A hardwood floor can enhance the look of just about any room when it’s selected and finished with care. It’s those last qualifications that make all the difference, though. The only sure way to end up with a bad-looking hardwood floor is by picking out the wrong one for your needs and tastes.

A little time spent familiarizing yourself with your various options in hardwood flooring will go a long way toward ensuring a good match-up between your room and your new floor. Here are the most important product categories to consider in the contemporary hardwood floor market:

Unfinished Wood Flooring

As the name suggests, this is flooring material supplied to you with several important finishing steps left undone. Unfinished flooring will need to be sanded, buffed, stained, and coated in place after you install it.

At first glance, this might seem like a big disadvantage. Why buy a product that requires a significant labor investment when you know you have much easier options available to you?

Unfinished wood floors actually have a lot to recommend them. For instance, they’re ideal for installation in cases where you’re not yet sure what finish will be right for your needs. Say you’re building out or renovating a block of condominiums, for example. Installing prefinished wood floors would set constraints on the decorating options available to your future buyers.
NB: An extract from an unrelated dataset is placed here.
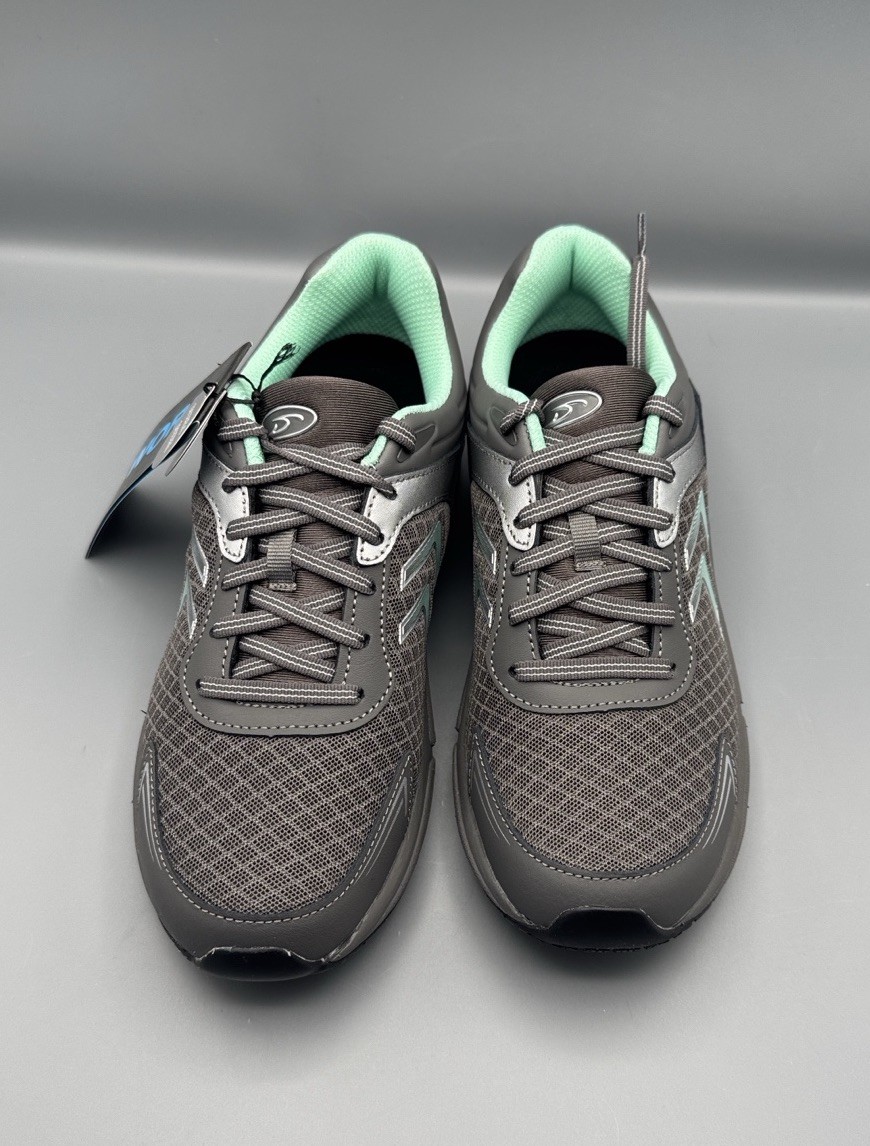 Dr. Scholl’s Women’s Blaze Work Slip Resistant Sneakers Size 7.5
You wouldn’t want to lose out on a sale because your floors don’t match a buyer’s furniture!

Instead of resorting to complete replacement of a brand-new floor in a situation like this, an unfinished wood floor leaves the widest possible range of options available to the final owner of the space. The color and polish of an unfinished wood floor can be adjusted quite dramatically depending on how it is stained and finished.

Prefinished Wood Flooring

Prefinished flooring is now probably the most common and popular type of hardwood flooring product being sold. In this case, all of the sanding, finishing, and sealing work is done for you before you buy the flooring. All you need to handle is the installation.
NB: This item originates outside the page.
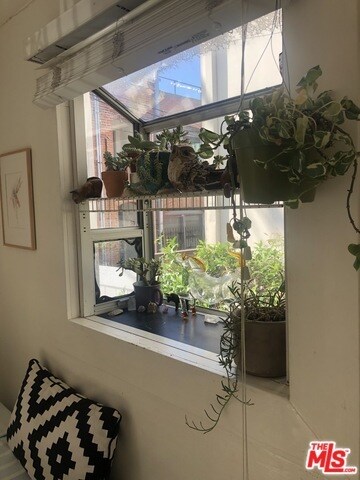 Foto del edificio - 28 Clubhouse Ave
The major advantage offered by this type of flooring is speed and simplicity of installation. Once you pick out the finish that best suits your rooms, putting down your floors is relatively easy. Also, prefinished wood flooring removes any uncertainty about what the end result will look like.

Solid Wood Flooring

This was once an extremely popular type of hardwood floor, but it’s being installed less and less today. This type of flooring is hard to work with; installation, removal, and refinishing are all labour-intensive processes. Solid wood floors do offer exceptional durability, though. The three main types of solid floors are plank, strip, and parquet.

Engineered Wood Flooring

In an engineered wood floor, the product you’re installing is built up out several different layers of material, including natural wood veneers. One of the biggest benefits offered by an engineered floor is the opportunity to combine multiple materials into one floor and thereby enjoy multiple benefits.

Say, for example, you are installing a new floor in a room where you know you’ll have birch furniture. A top layer of birch will help your floor match your furniture, but with an engineered floor you could combine that birch with the unbeatable durability of oak layers further down.

Another significant advantage offered by engineered hardwood is exceptional stability and durability in harsh environments. Engineered wood holds up wonderfully to high humidity levels, high temperatures, and other stressful conditions. Engineered wood floors can be installed in spaces where normal hardwoods would deteriorate rapidly, including basements.

Acrylic Impregnated Wood Flooring

An acrylic wood floor is a special form of a prefinished hardwood floor. What distinguishes it from other products is the way in which it is finished. Extremely high pressure is used to force acrylic and pigments into the pores of the wood itself when creating acrylic flooring. This gives it a notably durable finish.

The deep penetration of the pigments into acrylic flooring means there is less chance of its color changing or fading over time. The acrylic content also helps these floors stand up to the roughest treatment and harshest environmental conditions.